Ja, we hebben het over hetzelfde, en in de volgende paragrafen ga ik je uitleggen hoe HBase de willekeurige I/O bereikt, hoe het gegevens opslaat en de evolutie van het HFile-formaat van de HBase.
Apache Hadoop I/O-bestandsindelingen
Hadoop wordt geleverd met een SequenceFile[1]-bestandsindeling die u kunt gebruiken om uw sleutel/waarde-paren toe te voegen, maar vanwege de mogelijkheid om alleen hdfs toe te voegen, kan de bestandsindeling geen wijziging of verwijdering van een ingevoegde waarde toestaan. De enige toegestane bewerking is toevoegen, en als u een opgegeven sleutel wilt opzoeken, moet u het bestand doorlezen totdat u uw sleutel vindt.
Zoals je kunt zien, ben je gedwongen het sequentiële lees-/schrijfpatroon te volgen... maar hoe is het mogelijk om daarbovenop een willekeurig lees-/schrijftoegangssysteem met lage latentie zoals HBase te bouwen?
Om u te helpen dit probleem op te lossen, heeft Hadoop een ander bestandsformaat, MapFile[1] genaamd, een extensie van het SequenceFile. De MapFile is in werkelijkheid een map die twee SequenceFiles bevat:het gegevensbestand "/data" en het indexbestand "/index". Met de MapFile kunt u gesorteerde sleutel/waarde-paren toevoegen en elke N-sleutel (waarbij N een configureerbaar interval is) slaat de sleutel en de offset op in de index. Dit zorgt voor een vrij snelle opzoeking, omdat in plaats van alle records te scannen, u de index scant die minder items bevat. Zodra je je blok hebt gevonden, kun je in het echte gegevensbestand springen.
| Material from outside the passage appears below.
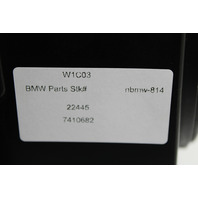 2014-2018 BMW X5 Headlight Xenon Right Complete - 63117317110 OEM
MapFile is leuk omdat je snel sleutel/waarde-paren kunt opzoeken, maar er zijn nog steeds twee problemen:
- Hoe kan ik een sleutel/waarde verwijderen of vervangen?
- Als mijn invoer niet is gesorteerd, kan ik MapFile niet gebruiken.
HBase &MapFile
De HBase-sleutel bestaat uit:de rijsleutel, kolomfamilie, kolomkwalificatie, tijdstempel en een type.
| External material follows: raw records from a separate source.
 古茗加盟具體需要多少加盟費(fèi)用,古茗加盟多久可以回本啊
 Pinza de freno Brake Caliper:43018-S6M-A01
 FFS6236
Om het probleem van het verwijderen van sleutel/waarde-paren op te lossen, is het de bedoeling om het veld "type" te gebruiken om de sleutel als verwijderd te markeren (grafsteenmarkeringen). Het oplossen van het probleem van het vervangen van sleutel/waarde-paren is gewoon een kwestie van het latere tijdstempel kiezen (de juiste waarde staat aan het einde van het bestand, alleen toevoegen betekent dat de laatst ingevoegde waarde bijna aan het einde is).
Om het "niet-geordende" sleutelprobleem op te lossen, bewaren we de laatst toegevoegde sleutel-waarden in het geheugen. Wanneer u een drempel hebt bereikt, spoelt HBase deze door naar een MapFile. Op deze manier voegt u uiteindelijk gesorteerde sleutel/waarden toe aan een MapFile.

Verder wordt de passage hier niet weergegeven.